Bij brief van 29 mei 2002 heeft Schering Plough nog bezwaar gemaakt tegen het feit dat Roche eerst op 28 mei 2002, derhalve minder dan drie dagen voor de zitting, producties aan de Codecommissie en Schering Plough heeft doen toekomen. Onder verwijzing naar de beslissing van 17 mei 2002 (Glaxo Wellcome/AstraZeneca), waarin de Codecommissie als beleidslijn heeft bepaald dat producties uiterlijk drie dagen voor een zitting behoren te worden ingediend, heeft Schering Plough de Codecommissie verzocht de producties niet in de procedure te betrekken.
C. Het verweer van Roche:
Primair stelt Roche in haar verweer dat Schering Plough niet ontvankelijk moet worden verklaard in het spoedeisende belang van de klacht. Pegasys betreft een niet-geregistreerd product hetgeen derhalve, zelfs al is er sprake van reclame, nu nog niet tot een omzetderving bij klager kan leiden.
Roche stelt dat haar persbericht informatief van aard is en strekt tot voorlichting. Uit de Nota van Toelichting bij het Reclamebesluit Geneesmiddelen volgt dat onder ‘voorlichting’ dient te worden verstaan informatie, algemeen of technisch van aard, die zich beperkt tot het vermelden van feiten die relevant kunnen zijn voor mensen die zich bekommeren om hun gezondheid en het gebruik van geneesmiddelen. Het voorlichtende karakter volgt ondermeer uit de context waarin het bericht naar buiten is gebracht. Roche heeft het persbericht op haar website geplaatst onder het kopje ‘Laatste Nieuws’. Dit onderdeel van de site heeft een duidelijk voorlichtende functie.
Zoals blijkt uit ondermeer de jurisprudentie van de Codecommissie, hangt de beoordeling van de vraag of sprake is van toegestane voorlichting of van verboden reclame-uitingen, af van de omstandigheden van het concrete geval en de inhoud van de betrokken uiting.

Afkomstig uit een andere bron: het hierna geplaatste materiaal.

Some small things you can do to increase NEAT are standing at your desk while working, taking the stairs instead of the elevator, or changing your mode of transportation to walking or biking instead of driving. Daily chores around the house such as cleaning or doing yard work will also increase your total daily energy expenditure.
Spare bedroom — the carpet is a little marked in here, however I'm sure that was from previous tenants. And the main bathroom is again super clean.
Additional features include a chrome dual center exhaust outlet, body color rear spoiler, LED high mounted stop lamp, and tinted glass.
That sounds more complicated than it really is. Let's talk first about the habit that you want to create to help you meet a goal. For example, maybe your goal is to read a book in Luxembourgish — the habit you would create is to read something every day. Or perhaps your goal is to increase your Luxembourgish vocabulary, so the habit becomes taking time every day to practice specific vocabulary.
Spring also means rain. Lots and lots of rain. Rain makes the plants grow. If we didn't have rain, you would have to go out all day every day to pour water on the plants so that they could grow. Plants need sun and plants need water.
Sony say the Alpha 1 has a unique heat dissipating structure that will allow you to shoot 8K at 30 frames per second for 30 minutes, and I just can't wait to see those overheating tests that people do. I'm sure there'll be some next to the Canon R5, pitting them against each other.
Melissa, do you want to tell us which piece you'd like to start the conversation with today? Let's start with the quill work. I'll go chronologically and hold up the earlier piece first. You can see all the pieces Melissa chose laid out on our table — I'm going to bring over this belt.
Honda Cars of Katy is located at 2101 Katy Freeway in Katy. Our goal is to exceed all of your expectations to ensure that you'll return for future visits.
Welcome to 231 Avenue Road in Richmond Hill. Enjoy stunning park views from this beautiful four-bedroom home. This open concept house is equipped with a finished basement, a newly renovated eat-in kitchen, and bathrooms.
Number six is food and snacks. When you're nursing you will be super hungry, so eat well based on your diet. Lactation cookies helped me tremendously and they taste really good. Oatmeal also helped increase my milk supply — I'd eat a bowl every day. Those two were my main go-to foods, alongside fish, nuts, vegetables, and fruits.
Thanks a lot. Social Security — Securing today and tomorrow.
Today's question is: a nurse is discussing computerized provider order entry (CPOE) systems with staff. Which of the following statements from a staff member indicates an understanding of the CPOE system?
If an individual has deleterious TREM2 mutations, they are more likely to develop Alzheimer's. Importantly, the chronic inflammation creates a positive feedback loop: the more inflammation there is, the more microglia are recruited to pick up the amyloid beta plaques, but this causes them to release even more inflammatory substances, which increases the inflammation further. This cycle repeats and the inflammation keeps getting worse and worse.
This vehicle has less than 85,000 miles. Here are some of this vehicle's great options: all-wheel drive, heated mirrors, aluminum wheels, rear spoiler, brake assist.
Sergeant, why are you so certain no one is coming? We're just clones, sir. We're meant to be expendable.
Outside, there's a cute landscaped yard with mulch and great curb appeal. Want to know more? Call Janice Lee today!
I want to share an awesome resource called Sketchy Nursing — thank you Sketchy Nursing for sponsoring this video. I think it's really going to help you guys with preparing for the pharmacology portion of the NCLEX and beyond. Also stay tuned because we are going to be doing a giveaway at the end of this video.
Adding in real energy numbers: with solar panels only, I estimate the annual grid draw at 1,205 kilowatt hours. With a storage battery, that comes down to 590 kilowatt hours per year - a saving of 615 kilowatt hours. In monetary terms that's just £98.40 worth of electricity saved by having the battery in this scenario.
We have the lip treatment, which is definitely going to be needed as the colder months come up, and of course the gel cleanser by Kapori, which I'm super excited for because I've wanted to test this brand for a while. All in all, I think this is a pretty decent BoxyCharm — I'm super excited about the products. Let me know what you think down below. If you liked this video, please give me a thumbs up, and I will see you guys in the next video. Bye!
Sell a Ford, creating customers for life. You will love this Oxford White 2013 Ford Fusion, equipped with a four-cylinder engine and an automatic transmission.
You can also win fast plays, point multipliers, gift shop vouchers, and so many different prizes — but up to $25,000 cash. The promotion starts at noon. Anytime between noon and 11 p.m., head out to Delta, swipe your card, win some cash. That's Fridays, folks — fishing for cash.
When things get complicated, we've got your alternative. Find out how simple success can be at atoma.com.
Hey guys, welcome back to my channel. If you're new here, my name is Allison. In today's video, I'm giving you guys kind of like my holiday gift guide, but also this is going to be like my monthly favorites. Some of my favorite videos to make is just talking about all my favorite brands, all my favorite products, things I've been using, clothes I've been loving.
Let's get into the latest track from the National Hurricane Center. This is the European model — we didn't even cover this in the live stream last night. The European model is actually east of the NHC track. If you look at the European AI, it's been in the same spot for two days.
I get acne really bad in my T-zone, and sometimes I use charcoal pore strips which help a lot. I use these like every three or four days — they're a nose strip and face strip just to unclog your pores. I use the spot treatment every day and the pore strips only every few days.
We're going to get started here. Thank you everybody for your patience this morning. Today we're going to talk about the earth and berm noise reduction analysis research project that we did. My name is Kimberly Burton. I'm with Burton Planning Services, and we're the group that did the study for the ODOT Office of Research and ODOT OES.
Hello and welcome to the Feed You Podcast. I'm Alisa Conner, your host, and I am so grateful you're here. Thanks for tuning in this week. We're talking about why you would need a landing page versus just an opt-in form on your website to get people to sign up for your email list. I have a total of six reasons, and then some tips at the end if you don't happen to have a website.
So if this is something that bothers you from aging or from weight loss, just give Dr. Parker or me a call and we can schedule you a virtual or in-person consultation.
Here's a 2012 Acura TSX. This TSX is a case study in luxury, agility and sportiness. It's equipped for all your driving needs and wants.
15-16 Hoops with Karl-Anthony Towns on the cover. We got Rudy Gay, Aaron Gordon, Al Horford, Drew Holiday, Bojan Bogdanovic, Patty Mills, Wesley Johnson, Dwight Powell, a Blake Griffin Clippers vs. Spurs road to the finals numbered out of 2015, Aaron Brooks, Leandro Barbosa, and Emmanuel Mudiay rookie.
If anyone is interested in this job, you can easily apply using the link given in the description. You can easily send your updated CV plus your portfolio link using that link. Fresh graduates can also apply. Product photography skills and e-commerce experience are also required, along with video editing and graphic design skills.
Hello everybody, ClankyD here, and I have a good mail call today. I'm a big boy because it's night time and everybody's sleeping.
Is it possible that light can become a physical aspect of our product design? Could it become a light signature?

Voor de beoordeling van de vraag of het gewraakte persbericht een reclame-uiting is of voorlichting, dient dus mede acht geslagen te worden op het kader waarin deze uiting is gedaan. Roche is weliswaar een commerciële onderneming maar dat is niet voldoende om een persbericht als het onderhavige, zonder acht te slaan op de context en op de inhoud daarvan, niet als voorlichting aan te merken. Bij de beoordeling dient eveneens te worden betrokken dat de farmaceutische industrie, als ontwikkelaar en producent van geneesmiddelen, bij uitstek degene is die in staat is goede voorlichting te geven over door haar ontwikkelde producten en de bij die ontwikkeling opgedane kennis over en inzicht in menselijke aandoeningen. Roche is dan ook de mening toegedaan dat een verbod op het verstrekken van algemene informatie over de ontwikkeling van geneesmiddelen op de wijze waarop Roche heeft gedaan, een te verre inbreuk is op haar vrijheid van meningsuiting.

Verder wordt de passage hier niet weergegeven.